31 de março de 2022 1:07 por Da Redação
BLOGUE DE HOMERO FONSECA Jornalista, jornalista. Escritor menor. Leitor maior.
Trabalho vem do latim tripalium, instrumento de tortura. Todo o esplendor da antiga civilização grega se deve ao fato de o trabalho ser relegado unicamente aos escravos, cabendo aos cidadãos o ócio criativo que adubou o terreno para o desenvolvimento da filosofia, da oratória, do teatro, dos desportos, da arquitetura e disso que chamam democracia.
Sob as monarquias, a “carteira de identidade” da aristocracia eram as mãos finas — calos eram para os servos. E as castas superiores indianas somente puderam se dedicar com tanto afinco às práticas sexuais variadas — a ponto de produzirem o manual Kama Sutra — porque tinham tempo de sobra e bot sobra nisso.
Faz parte da natureza humana poupar e armazenar energia. O resto é doutrinação.
Foi com o desenvolvimento do capitalismo e a ascensão da burguesia que o trabalho passou a ser algo dignificante. O burguês precisava trabalhar para tocar seus negócios, ao contrário da aristocracia, cuja riqueza vinha da terra. A ideologia do trabalho como algo louvável e até sagrado foi imposta, via religião, às classes trabalhadoras — com a diferença que elas, como não eram proprietárias de capital, deviam se esfalfar laborando até 16/20 horas por dia para conseguir alimentar a família. Não fossem as lutas trabalhistas e essa jornada ainda estaria em vigor. Seu retorno é o sonho dos neoliberais.
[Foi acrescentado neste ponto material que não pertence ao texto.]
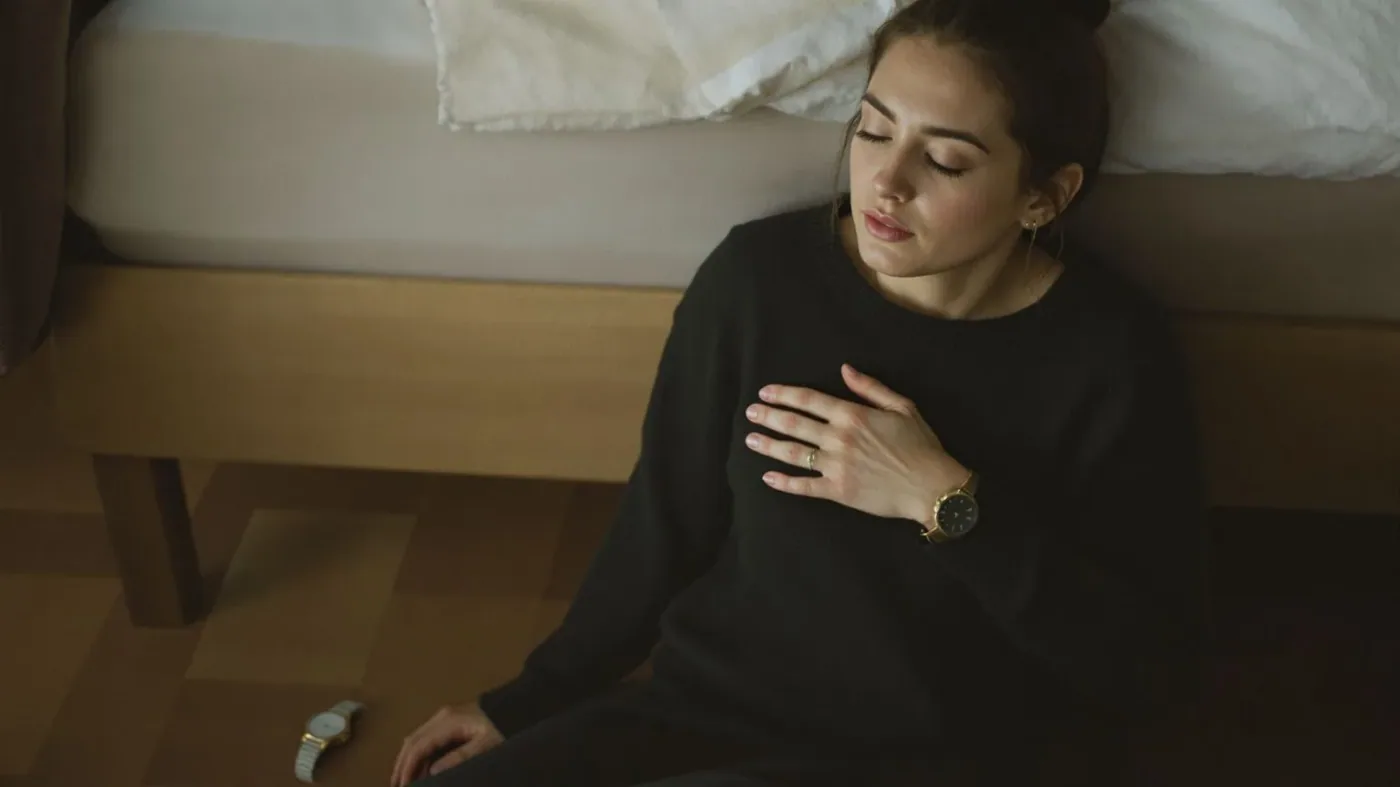 Woman sitting on floor with hand on chest during a 12-minute emotional reset to stop shutting down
Paul Lafargue, jornalista e genro de Karl Marx, e o filósofo britânico Bertrand Russel defenderam expressamente o direito ao ócio, demonstrando como a redução da jornada diminui a taxa de desemprego e aumenta o nível de felicidade do proletariado, ou seja, da maioria da humanidade. Seus textos são conhecidos e neste curto espaço não dá para esmiuçá-los. Procurem lê-los.
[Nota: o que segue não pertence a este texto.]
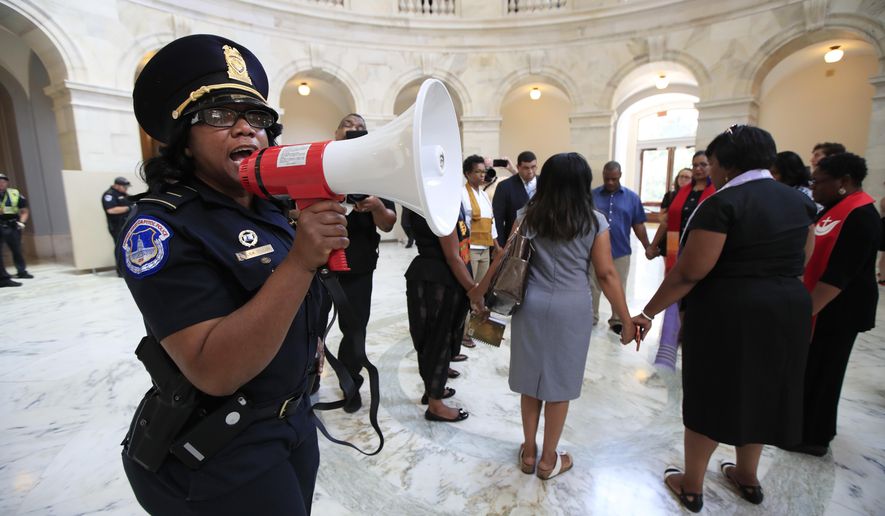 A U.S. Capitol Police officer gives the warning speaking through a bullhorn to a group of Black minister gathered to protest on Capitol Hill in Washington, Tuesday, July 18, 2017, demanding Congress to "reject both the immoral budget proposed by the Trump Administration and the equally unjust health care bill that the Senate may have a procedural vote on in the coming weeks." (AP Photo/Manuel Balce Ceneta)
É a gana de explorar os pobres que gerou a intensa propaganda contra o far niente. Daí o opróbio contido nas palavras “vagabundo” e “vadio” (e as leis contra a vadiagem), vomitadas a toda hora contra os pobres pelos que se beneficiam do trabalho alheio e pagam o mínimo possível por ele.
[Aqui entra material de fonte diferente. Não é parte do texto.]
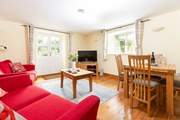 The open plan living-room has French doors out to the patio and walled garden.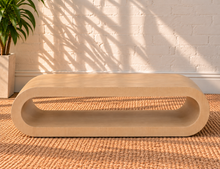 Load image into Gallery viewer, Gracielle Natural Oak coffee table with rounded continuous edges, elongated open center shelf, and sculptural contemporary design.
A preguiça, camaradas, é a mãe da tecnologia e, por extensão, de aspectos fundamentais da civilização como a conhecemos hoje. Não fosse a lei do menor esforço e o bicho humano não teria inventado a alavanca (e daí o guindaste), nem a roda (e daí o carro). Nem o telegrama e o telefone (tudo pra não precisar andar com os próprios pés ou se locomover para falar com o outro). Não existiria o computador (para fazer as contas). Nem a internet (e as redes sociais) para ninguém suar nas ruas.